Just wondering what everyone's thoughts are on it? I bow hunt a lot, does anyone know how well it works for concealment? And it's fairly pricey is the quality worth the price?


----------



## hemionus (Aug 23, 2009)

Of all the technical type camo clothing they all are fairly similar in materials used so with that said I would think they are similar in quality IMO. I haven't used Kuiu much but I got a bunch of the kryptek and love it. Love the pattern and military background of the company.


----------



## MuscleWhitefish (Jan 13, 2015)

I have it and I like it all that I have bought with the exception of the t-shirt that I bought off the Teton line.

That shirt wouldn't probably be bad, if I didn't already have their merino wool base layer.

I prefer the Chinook Jacket and Pants for most hunting applications.
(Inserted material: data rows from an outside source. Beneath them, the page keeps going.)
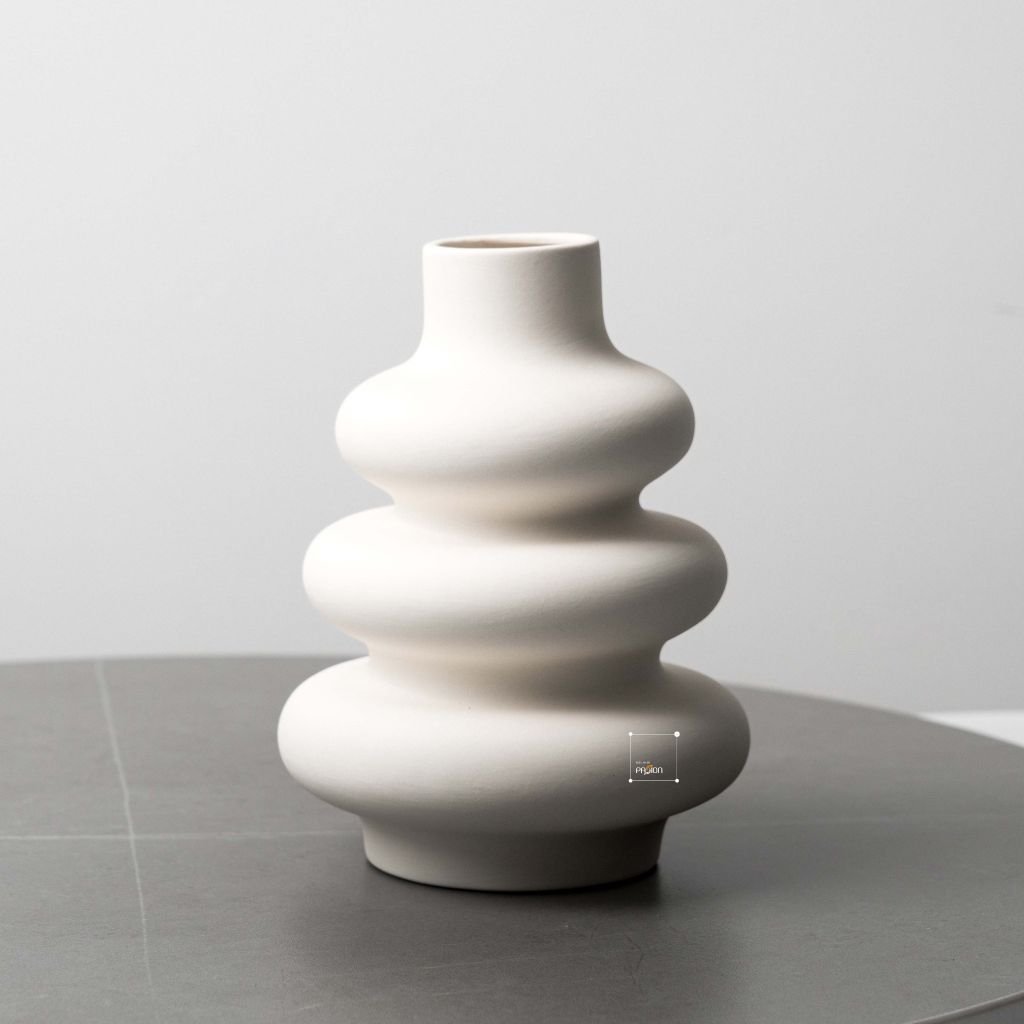 Bình Gốm Hình Bầu Gợn Sóng 3 Tầng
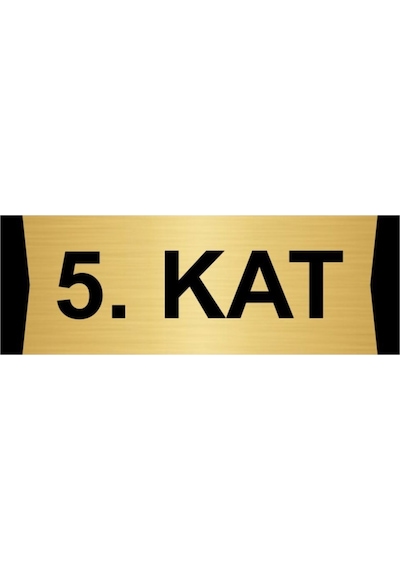 Kat 5 7x20cm Altın Renk Metal Yönlendirme Levhası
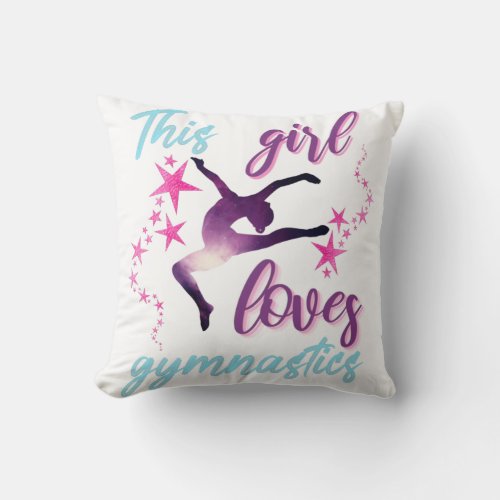 This Girl Loves Gymnastics Stars Leap Throw Pillow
I do not have the tiberon series, but I imagine that would be probably the best for an early season bow hunt. Chinook wouldn't be a bad option either.
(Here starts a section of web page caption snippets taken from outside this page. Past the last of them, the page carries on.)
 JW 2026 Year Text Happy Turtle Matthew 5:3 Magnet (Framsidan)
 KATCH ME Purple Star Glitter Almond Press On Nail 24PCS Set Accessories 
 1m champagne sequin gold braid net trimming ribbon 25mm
The issue with Kuiu isn't quality it is availability.

As far as concealment, it works well at breaking up your outline. I am a believer that the only camouflage that can keep you concealed in every environment is a ghillie suit with the natural vegetation in the area.

Modern camouflage patterns are less about blending in and more about making you look like nothing at all.
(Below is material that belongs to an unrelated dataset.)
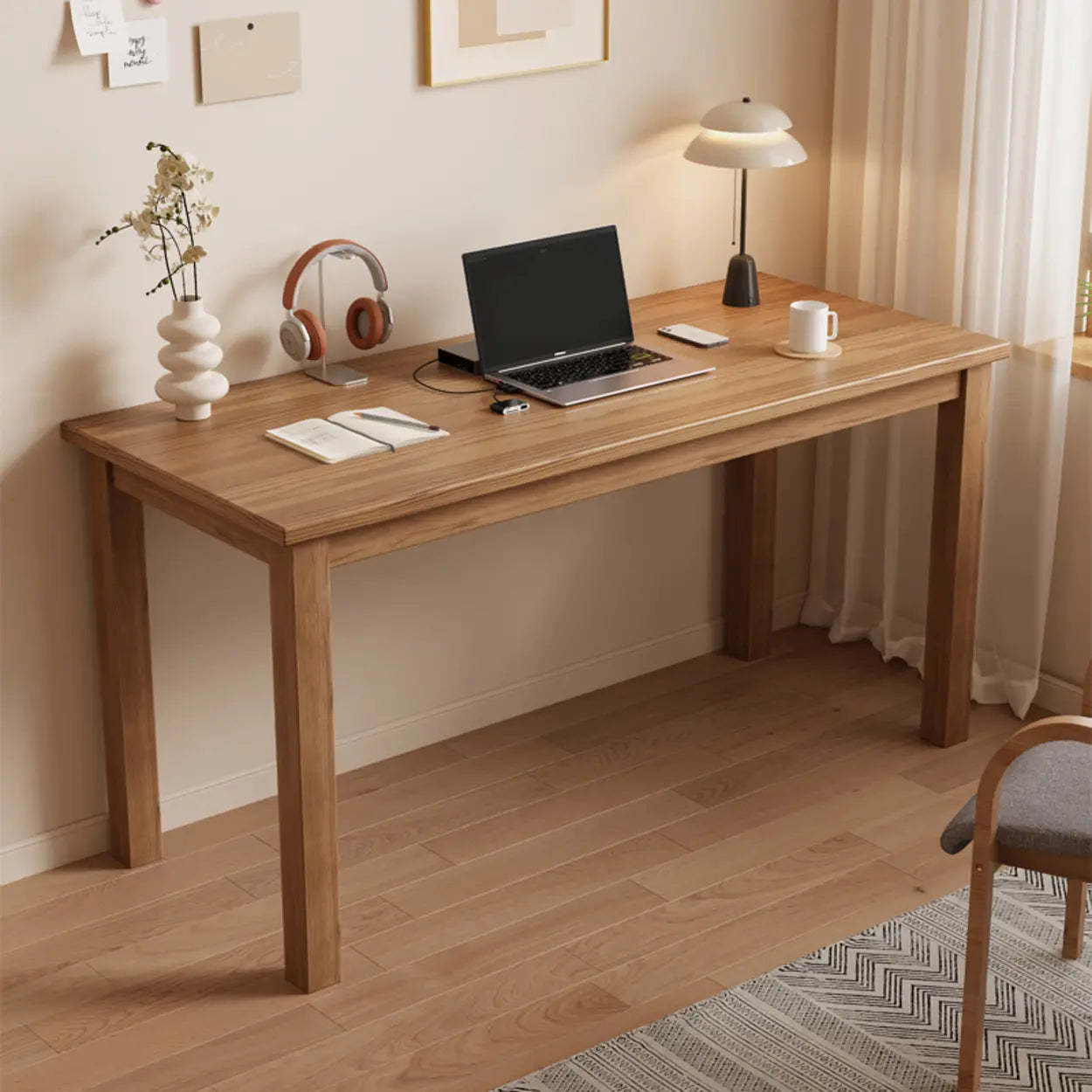 Modern block desk wood desks — 23.6" L x 23.6" W x 29.5" H / Coffee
Making you look like nothing at all will work in every environment along as your movement is not caught.

This video series runs through 8 different patterns 




Older patterns make people look like big back blobs at distances, the newer patterns don't do it as much.

Let me recap - The reason that you would buy premium camouflage should be based on the performance of the gear more than the pattern itself. I like Kuiu and others will like First Lite/Sitka more, but they will all work about the same.


----------



## hemionus (Aug 23, 2009)

MuscleWhitefish said:


> The issue with Kuiu isn't quality it is availability.


I forgot about availability. That is one of Kuiu's biggest turn-offs for some people.


----------



## swampfox (Dec 30, 2014)

I have several kuiu items and love them all. Their quality is top notch and the fit really seems to fit my build. I have the vias pattern and it seems to work well but as others have said I wouldn't buy it for the pattern. It's top quality gear at slightly lower prices than Sitka with some availability issues, though they have been improving in that area.


----------



## #1DEER 1-I (Sep 10, 2007)

Thanks for the help guys


----------